- Study material
********

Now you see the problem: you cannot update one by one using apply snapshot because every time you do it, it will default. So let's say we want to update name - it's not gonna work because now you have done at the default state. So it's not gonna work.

********

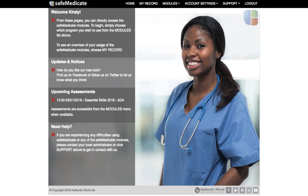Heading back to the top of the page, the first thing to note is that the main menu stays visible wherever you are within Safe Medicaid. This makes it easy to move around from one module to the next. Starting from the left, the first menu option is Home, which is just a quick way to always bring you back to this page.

********

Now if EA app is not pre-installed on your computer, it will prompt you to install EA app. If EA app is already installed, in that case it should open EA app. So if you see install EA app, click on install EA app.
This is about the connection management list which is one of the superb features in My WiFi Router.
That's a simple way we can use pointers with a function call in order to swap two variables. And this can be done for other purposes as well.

********

- Problem to solve
All lines in the records with the string "will" should be copied out.

- Answer area
Now you see the problem: you cannot update one by one using apply snapshot because every time you do it, it will default. So let's say we want to update name - it's not gonna work because now you have done at the default state. So it's not gonna work.
Now if EA app is not pre-installed on your computer, it will prompt you to install EA app. If EA app is already installed, in that case it should open EA app. So if you see install EA app, click on install EA app.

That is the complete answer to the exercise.